***** Data section *****

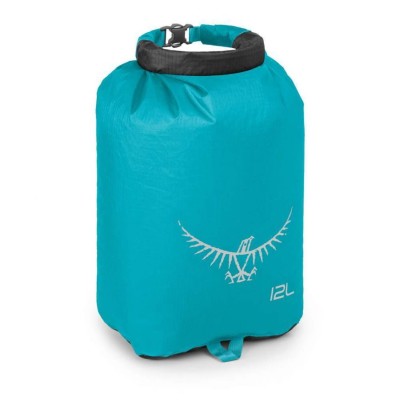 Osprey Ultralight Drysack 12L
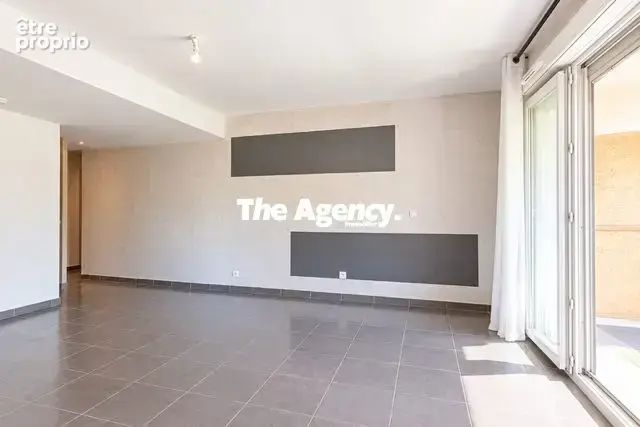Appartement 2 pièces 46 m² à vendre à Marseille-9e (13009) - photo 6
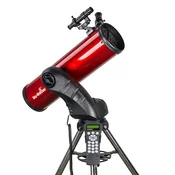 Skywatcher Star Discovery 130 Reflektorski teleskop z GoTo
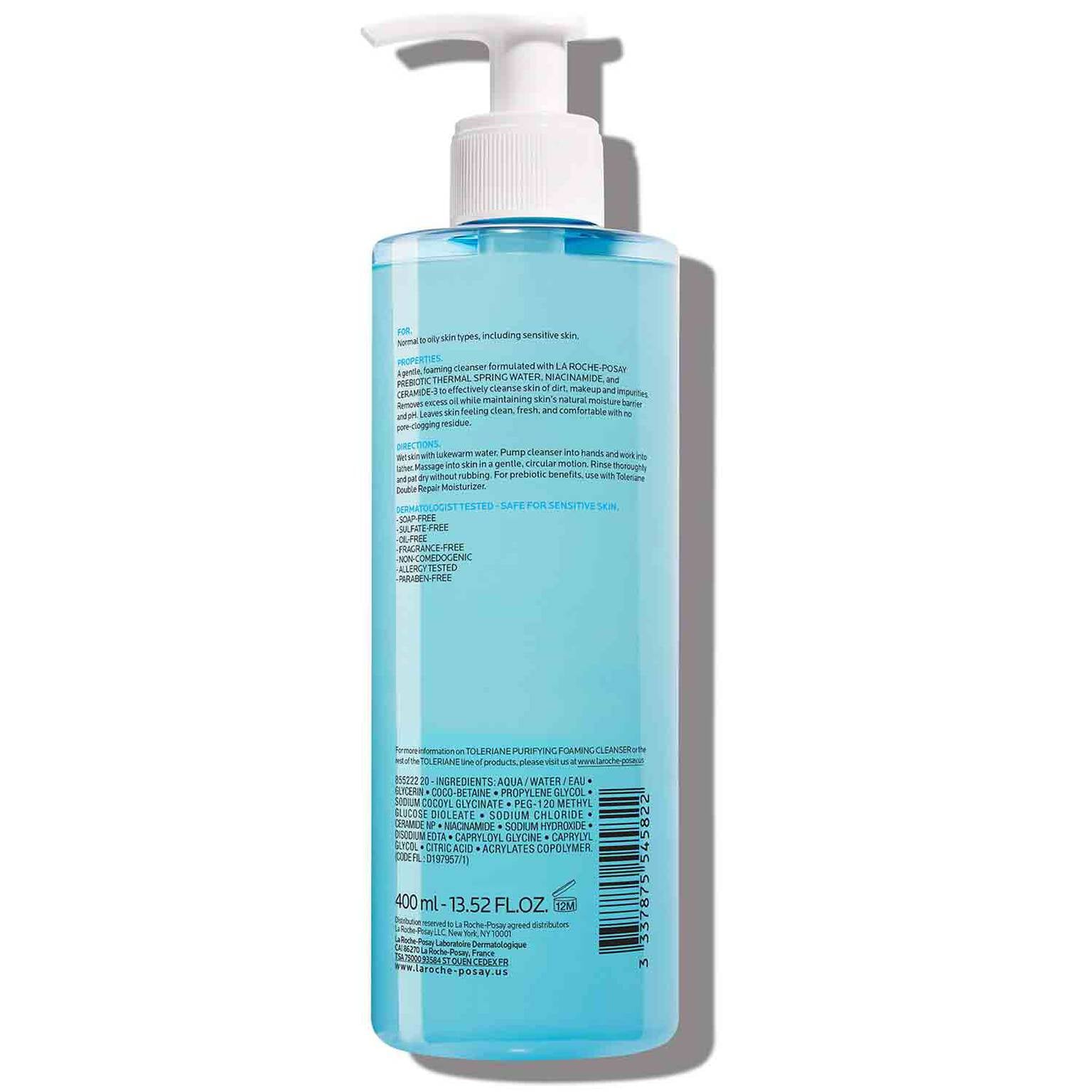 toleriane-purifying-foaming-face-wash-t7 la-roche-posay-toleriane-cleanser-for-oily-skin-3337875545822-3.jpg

*****

Please transcribe the listing exactly as it stands, but omit its pictures.

**Solution for this problem**.
 Osprey Ultralight Drysack 12L
Appartement 2 pièces 46 m² à vendre à Marseille-9e (13009) - photo 6
 Skywatcher Star Discovery 130 Reflektorski teleskop z GoTo
 toleriane-purifying-foaming-face-wash-t7 la-roche-posay-toleriane-cleanser-for-oily-skin-3337875545822-3.jpg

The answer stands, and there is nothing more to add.